__What you will do__.
Write out the listing from the line with "Lampa wisząca SOPHIA" to the line with "Retro Australian Flag", both lines included, exactly and nothing beyond. Leave pictures out.

__Excerpted records__.
--- START ---
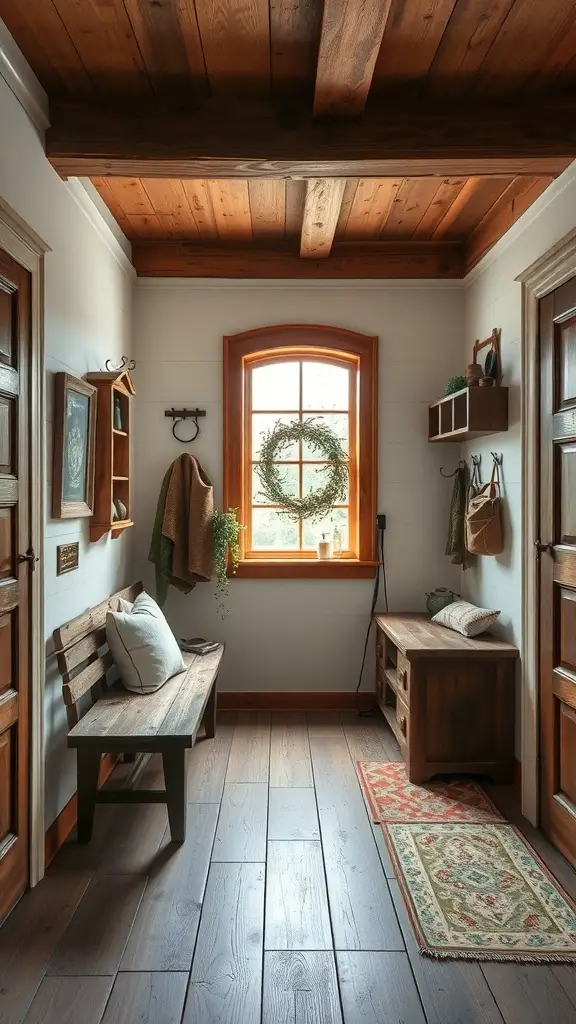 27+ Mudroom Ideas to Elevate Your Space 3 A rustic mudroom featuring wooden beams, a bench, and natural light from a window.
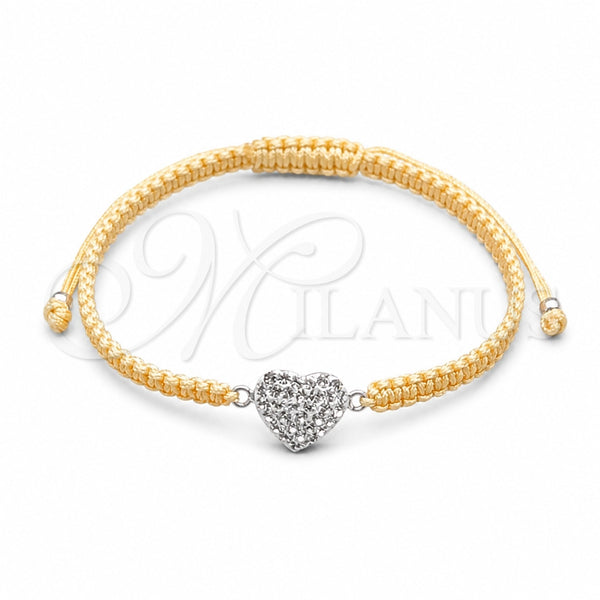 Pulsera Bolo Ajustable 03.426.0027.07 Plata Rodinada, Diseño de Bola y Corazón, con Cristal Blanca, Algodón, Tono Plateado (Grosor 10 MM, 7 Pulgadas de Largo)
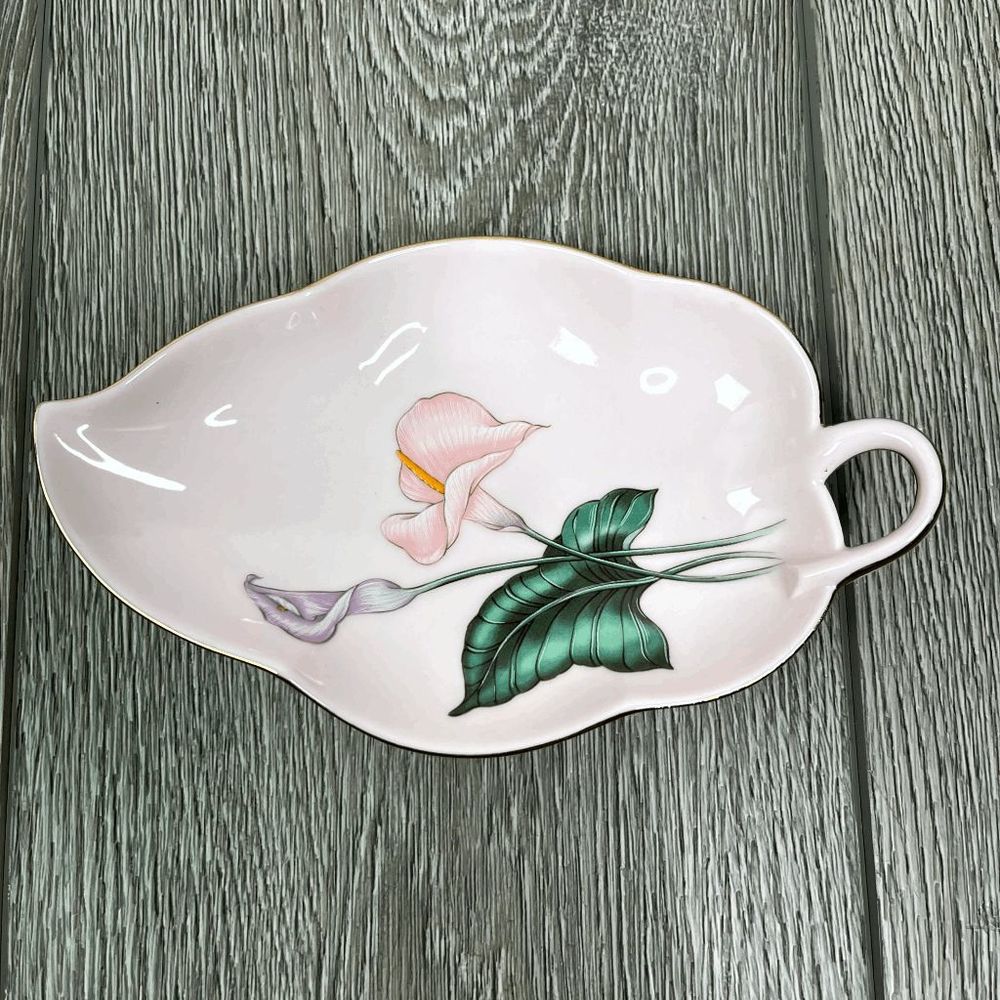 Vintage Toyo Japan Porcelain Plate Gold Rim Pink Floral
--- END ---
--- START ---
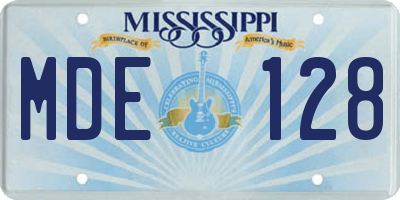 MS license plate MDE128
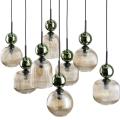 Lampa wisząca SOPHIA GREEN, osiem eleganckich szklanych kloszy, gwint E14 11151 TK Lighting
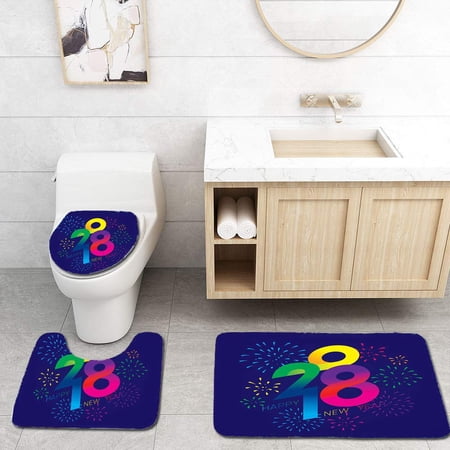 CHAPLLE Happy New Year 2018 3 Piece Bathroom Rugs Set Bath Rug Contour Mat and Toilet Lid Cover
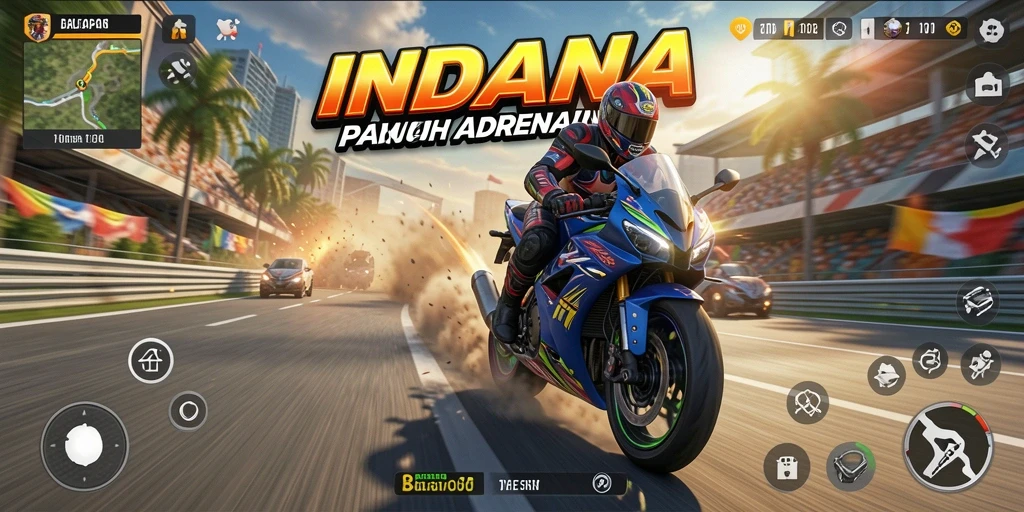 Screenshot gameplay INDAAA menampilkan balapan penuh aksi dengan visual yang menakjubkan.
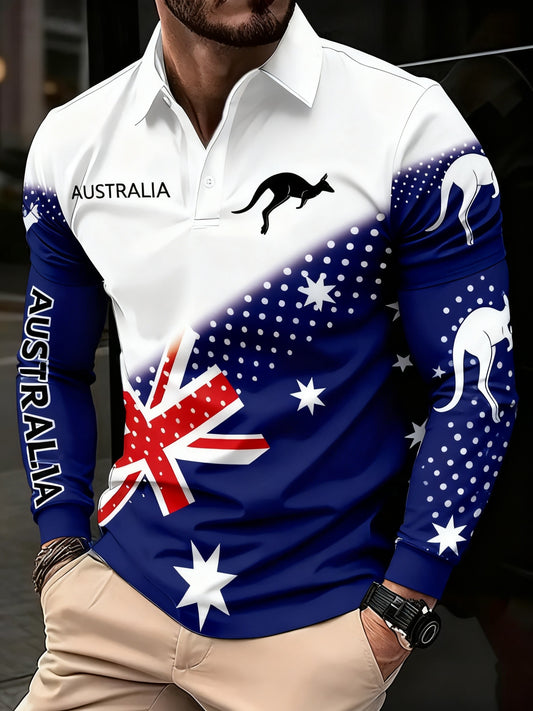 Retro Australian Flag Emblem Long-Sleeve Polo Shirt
--- END ---
--- START ---
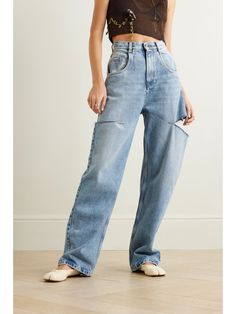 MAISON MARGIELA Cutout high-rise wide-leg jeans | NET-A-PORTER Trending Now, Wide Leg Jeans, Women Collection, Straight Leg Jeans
--- END ---
__Expected output__.
 Lampa wisząca SOPHIA GREEN, osiem eleganckich szklanych kloszy, gwint E14 11151 TK Lighting
 CHAPLLE Happy New Year 2018 3 Piece Bathroom Rugs Set Bath Rug Contour Mat and Toilet Lid Cover
 Screenshot gameplay INDAAA menampilkan balapan penuh aksi dengan visual yang menakjubkan.
 Retro Australian Flag Emblem Long-Sleeve Polo Shirt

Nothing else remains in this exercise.